회복실 비언어적 통증 사정을 위한 PAINAD-K척도
- Alternative Title
- Validation of PAINAD-K scale for nonverbal pain assessment in postanesthesia care unit
- Abstract
- Purpose
Pain is called the fifth vital sign, and self-reporting by the patient is considered the
gold standard for pain evaluation. However, accurate pain assessment cannot be
performed according to self-reporting by the patient due to the patient’s altered
consciousness and changes in cognitive functions such as delirium emergence in the
post-anesthesia care unit (PACU). This exploratory study aimed to verify the
reliability and validity of the Pain Assessment in Advanced Dementia Scale-Korean
version (PAINAD-K) for assessing pain among patients who were unable to
communicate in the PACU.
Method
The study included 205 patients aged >65 years who were admitted to the PACU
following general surgery at a general hospital. Data were collected by the primary
author and trained nurse practitioners between December 2021 and July 2022.
Internal consistency, scale stability, and inter-observer reliability were assessed. The
stability of the scale was assessed using the test-retest reliability of 91 patients who
were not administered analgesics. Sensitivity, specificity, and concurrent validity were
calculated to examine criterion validity. To test concurrent validity, a numerical rating
scale (NRS) was used for verbally communicative patients, while the Algoplus scale
was used for patients who were unable to communicate. To evaluate sensitivity and
specificity, the patients were divided according to the presence or absence of pain.
Convergent and discriminant validity were tested to evaluate the construct validity of
the PAINAD-K. The Korean version of the Critical Care Pain Observation Tool
(CPOT-K) was used for patients who were unable to communicate to test the
convergent validity of the PAINAD-K. The collected data were analyzed using
Cronbach’s α, intraclass correlation coefficient (ICC), Cohen’s kappa, spearman rank
correlation test, receiver operating characteristic (ROC) curve analysis, and repeated-
measures two-way analysis of variance (ANOVA) using SPSS 27.0.
Result
The Cronbach’s α values for the PAINAD-K were 0.784. The ICC values ranged
from 0.951 to 0.983. The weighted kappa coefficients ranged from 0.906 to 0.966.

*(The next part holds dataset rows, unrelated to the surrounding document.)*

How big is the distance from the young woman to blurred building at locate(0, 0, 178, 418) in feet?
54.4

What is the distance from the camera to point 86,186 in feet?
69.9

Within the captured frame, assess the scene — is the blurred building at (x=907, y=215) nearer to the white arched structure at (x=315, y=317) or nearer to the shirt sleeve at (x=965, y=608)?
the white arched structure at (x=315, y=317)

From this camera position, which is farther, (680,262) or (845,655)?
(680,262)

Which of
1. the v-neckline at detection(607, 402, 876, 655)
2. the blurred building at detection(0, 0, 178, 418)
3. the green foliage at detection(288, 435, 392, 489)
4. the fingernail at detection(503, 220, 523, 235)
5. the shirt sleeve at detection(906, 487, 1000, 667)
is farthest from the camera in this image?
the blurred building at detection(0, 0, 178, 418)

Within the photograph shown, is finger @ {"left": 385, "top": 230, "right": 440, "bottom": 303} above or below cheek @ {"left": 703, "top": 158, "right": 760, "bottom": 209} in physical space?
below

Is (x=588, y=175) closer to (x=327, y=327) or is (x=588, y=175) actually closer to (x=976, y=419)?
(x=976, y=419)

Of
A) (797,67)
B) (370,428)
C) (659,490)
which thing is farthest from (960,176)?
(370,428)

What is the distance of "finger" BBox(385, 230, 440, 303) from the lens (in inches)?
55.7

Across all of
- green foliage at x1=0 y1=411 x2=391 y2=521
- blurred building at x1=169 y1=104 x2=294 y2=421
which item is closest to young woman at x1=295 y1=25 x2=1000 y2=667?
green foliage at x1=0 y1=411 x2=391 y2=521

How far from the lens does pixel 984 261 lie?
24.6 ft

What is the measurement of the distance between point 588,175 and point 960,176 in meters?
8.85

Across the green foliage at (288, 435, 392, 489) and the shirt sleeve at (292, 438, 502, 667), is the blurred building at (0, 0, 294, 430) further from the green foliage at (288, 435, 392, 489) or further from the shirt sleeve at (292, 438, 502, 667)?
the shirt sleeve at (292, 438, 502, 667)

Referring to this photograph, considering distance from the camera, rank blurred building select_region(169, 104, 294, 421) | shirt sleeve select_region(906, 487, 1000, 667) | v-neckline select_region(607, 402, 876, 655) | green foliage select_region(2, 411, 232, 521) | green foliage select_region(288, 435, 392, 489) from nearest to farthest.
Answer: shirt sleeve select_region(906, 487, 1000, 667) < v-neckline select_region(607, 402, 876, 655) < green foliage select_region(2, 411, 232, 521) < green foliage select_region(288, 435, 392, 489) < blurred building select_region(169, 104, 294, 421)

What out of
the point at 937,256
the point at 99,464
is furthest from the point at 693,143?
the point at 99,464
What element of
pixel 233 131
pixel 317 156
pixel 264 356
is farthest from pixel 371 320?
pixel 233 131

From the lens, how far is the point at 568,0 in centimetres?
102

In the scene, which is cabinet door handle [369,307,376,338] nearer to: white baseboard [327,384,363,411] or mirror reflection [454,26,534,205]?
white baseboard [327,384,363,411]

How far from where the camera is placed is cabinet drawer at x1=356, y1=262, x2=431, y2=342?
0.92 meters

The test-retest stability of the scale was 0.736 for verbally communicative patients
and 0.556 for patients who were unable to communicate, and the overall stability was
0.636. These results indicate good internal consistency, inter-rater reliability, and
scale stability.
ROC curves were drawn to determine cutoff points. In verbally communicative
patients, using the PAINAD-K and NRS, the cutoff was 2.5 points, and the area under
the curve (AUC) was 0.952 (sensitivity = 84.3%, specificity = 97.0%) at the baseline
pain assessment. Using the PAINAD-K and Algoplus in patients who were unable to
communicate, the cutoff was 1.5 points and the AUC was 0.995 (sensitivity = 98.4%,
specificity = 97.5%) at the baseline pain assessment, and the cutoff was 1.5 points and
the AUC was 0.952 (sensitivity = 96.4%, specificity = 93.2%) at the 30-minute
follow-up. These results demonstrate the feasibility of using the PAINAD-K in
patients in the PACU who are unable to communicate. For concurrent validity, the
correlations of the PAINAD-K with the NRS at baseline and 30-minute follow-up
were 0.817 and 0.399, respectively, in verbally communicative patients. The
correlations of the PAINAD-K with Algoplus at the baseline and 30-minute follow-up
were 0.932 and 0.882, respectively, demonstrating a high degree of correlation with
the gold standard for measuring pain level in patients in the PACU who were unable
to communicate. These results suggest the criterion validity of the PAINAD-K.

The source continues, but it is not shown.